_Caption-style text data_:
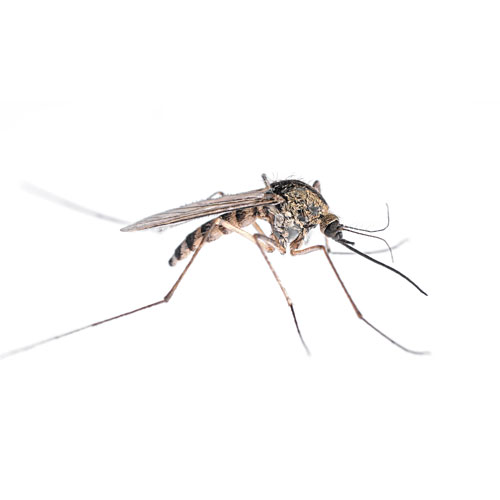 Mosquito
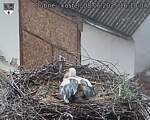Capi_Dubne_20250608_161004.jpg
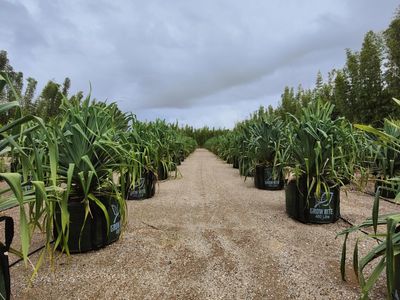 leased-nursery-and-spa-supplies-wholesale-and-retail-with-18-5-acres-and-3-bed-3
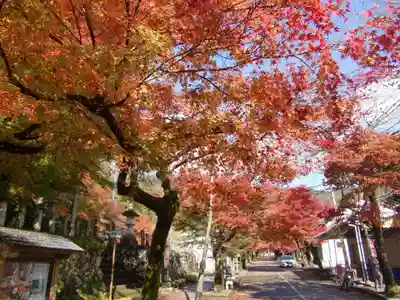 華厳寺(岐阜県)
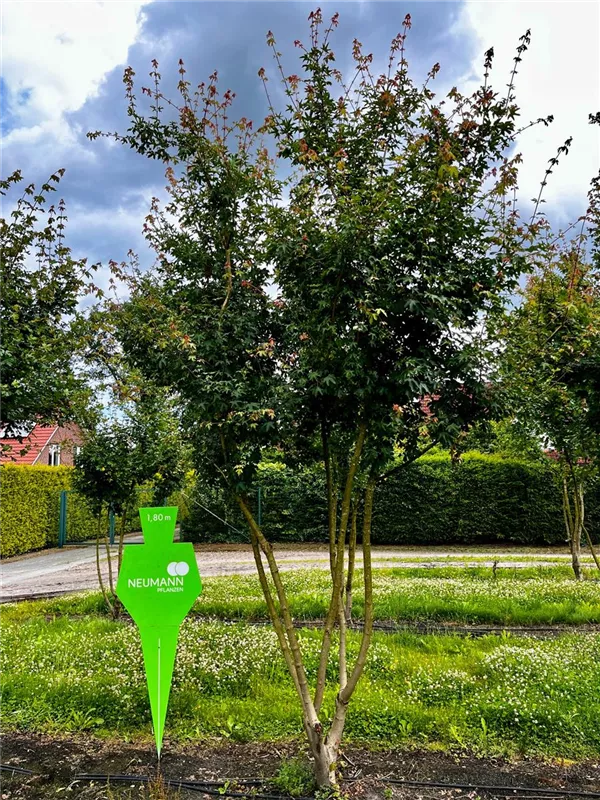 Acer campestre
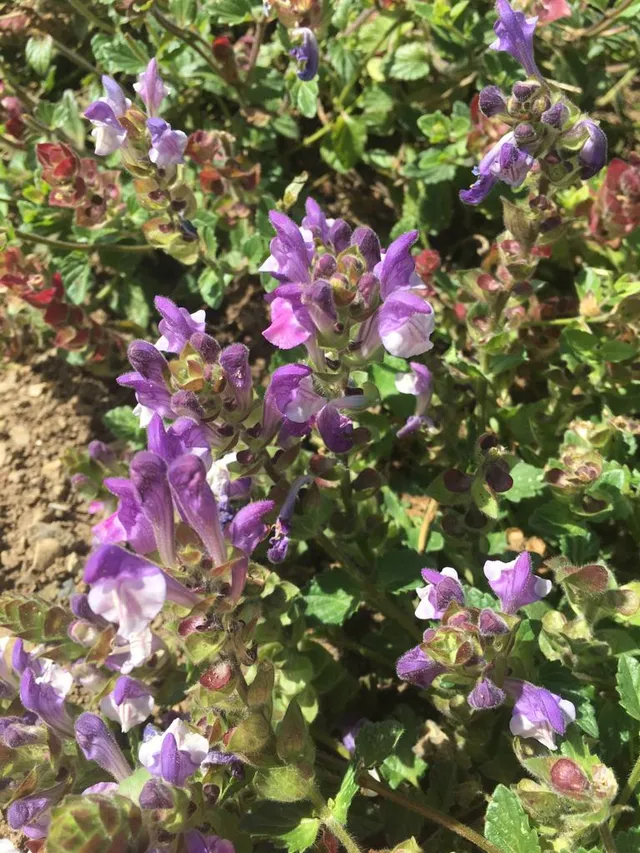 Fleurs violettes de sauge sclarée en pleine floraison avec feuillage vert, plante aromatique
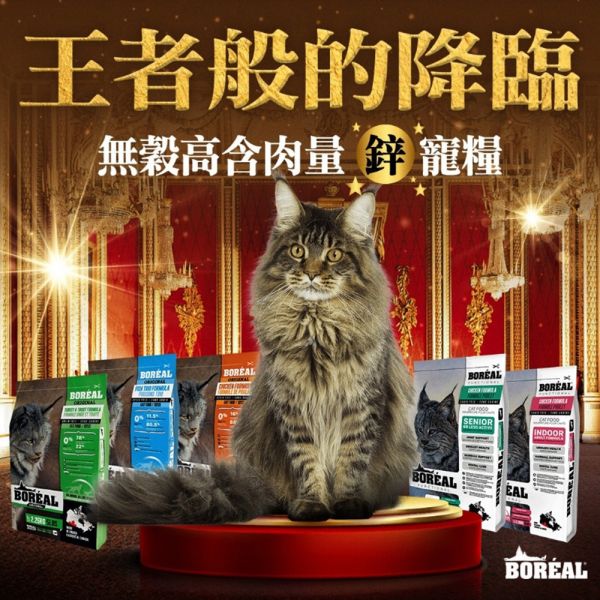 【波瑞歐 BOREAL】 無穀犬糧 12磅｜室內貓化毛調理・高齡貓關節護理・海陸野饌・海宴三重奏・鮮雞肉 全齡貓 波瑞歐 BOREAL 貓飼料

無穀貓飼料 12磅

大包裝貓飼料推薦

室內貓化毛飼料

高齡貓飼料 關節保健

全齡貓無穀飼料

低敏貓飼料推薦

加拿大無穀貓糧

貓咪大包裝飼料

貓咪鮮雞肉飼料

貓咪魚肉飼料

_DIRECTIONS FOR THIS TASK_:
Pictures stay out. Print the data exactly, from its first line through the line containing "Fleurs violettes de".

_COMPLETED TASK_:
 Mosquito
Capi_Dubne_20250608_161004.jpg
 leased-nursery-and-spa-supplies-wholesale-and-retail-with-18-5-acres-and-3-bed-3
 華厳寺(岐阜県)
 Acer campestre
 Fleurs violettes de sauge sclarée en pleine floraison avec feuillage vert, plante aromatique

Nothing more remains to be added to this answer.